Do not use multiple agents when the only benefit is a richer cast list.

The engineering test is simple:

Can the system show why this role existed?
Can it show what information the role had?
Can it show what the role produced?
Can it show how the selector used or rejected that output?
Can it beat a compute-matched single-agent baseline?

If not, the coordination is not yet a system property. It is prose.

Personas can help agents think in different local modes. Coordination decides whether those modes become useful work.

Source Trail

Source freshness checked on 2026-06-06.

FAQ

What makes a multi-agent system real?

A multi-agent system is real when roles have contracts, state boundaries, tool permissions, budgets, communication policy, selectors, traces, and promotion gates. Names alone do not create coordination.

Why do more agents often make results worse?

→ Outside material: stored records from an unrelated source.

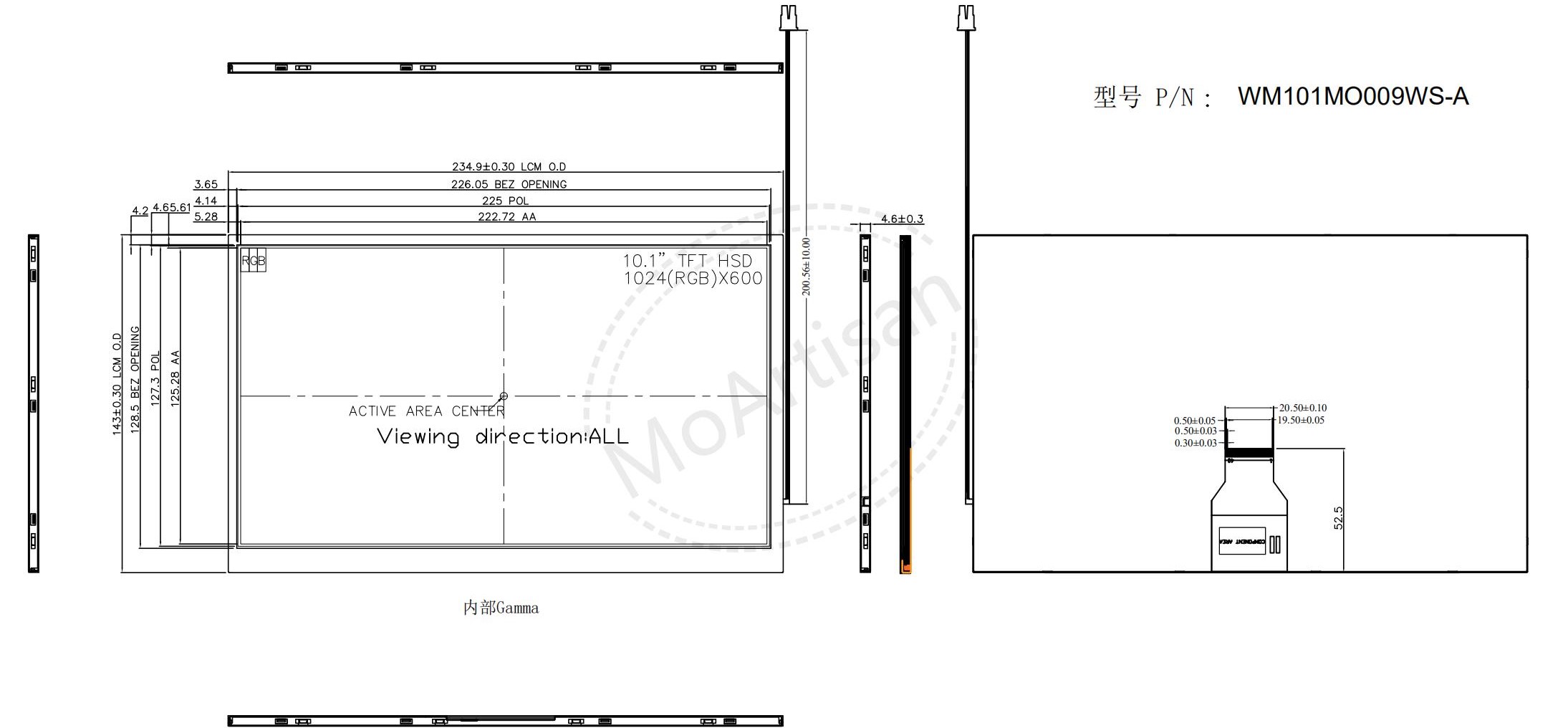 10.1 Inch IPS 1024(RGB)*600 LCD screen Drawings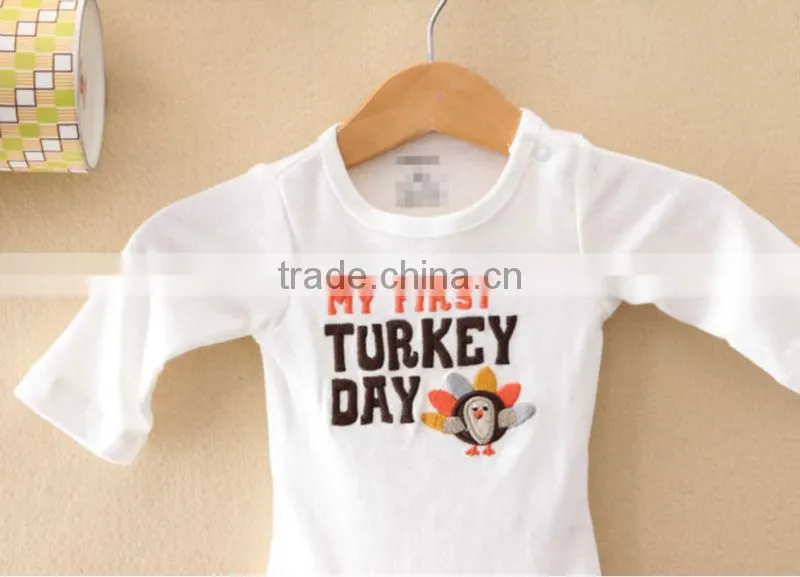100% cotton white letter print baby girl rompers wholesale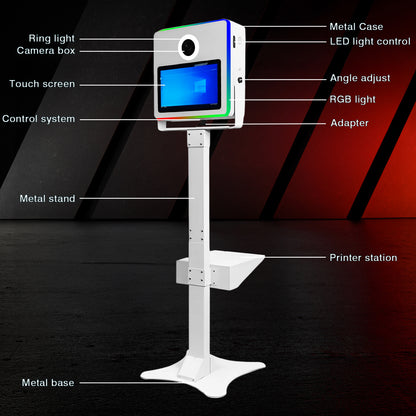 Magic Mirror Photo Booth 15.6in for Party Rental Wedding,Selfie Camera Mirror Photo Booth Built-in Mini PC RGB Light App Remote Control Portable Flight Case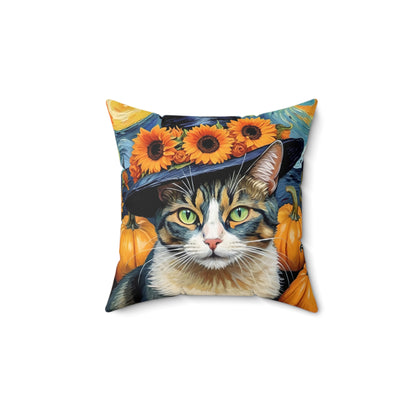 Halloween Van Gogh-Inspired Cat Square Pillow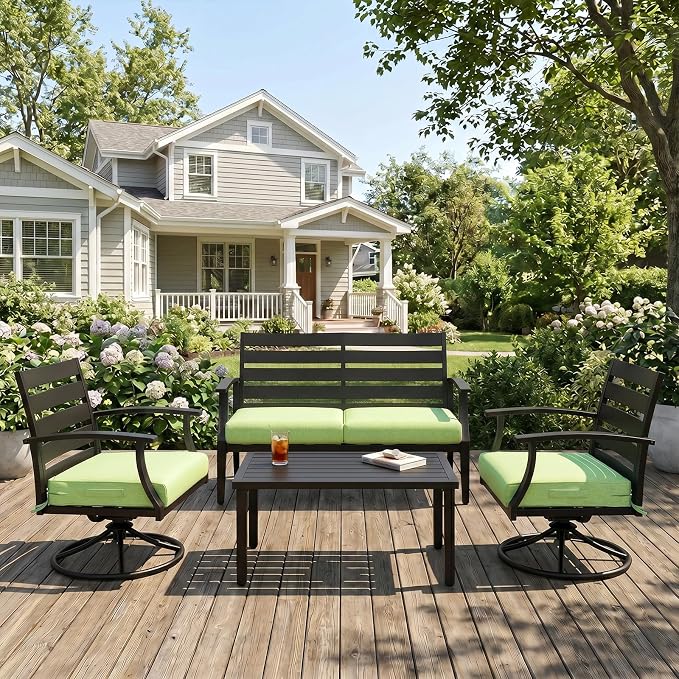 Aoodor Patio Chair Cushions Set of 2, 25 x 25 x 4 Inch Water Resistant Outdoor Seat Cushions with Handle and Ties, Square Corner Cushions for Patio Furniture Garden Lawn, Green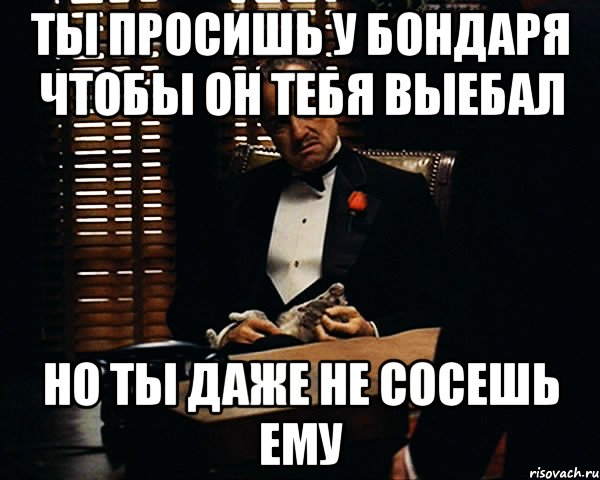 ты просишь у бондаря чтобы он тебя выебал но ты даже не сосешь ему, Мем Дон Вито Корлеоне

More agents can amplify correlated errors, duplicate context, hide failed branches, spend more compute, and let weak selectors ship the wrong artifact. The useful quantity is not worker count; it is verified coordination gain at equal budget.

What should a builder optimize first?

Start with runtime topology and test-time compute: can the system execute the coordination pattern, and does it beat simpler budget-matched baselines? Then tune role contracts and skills.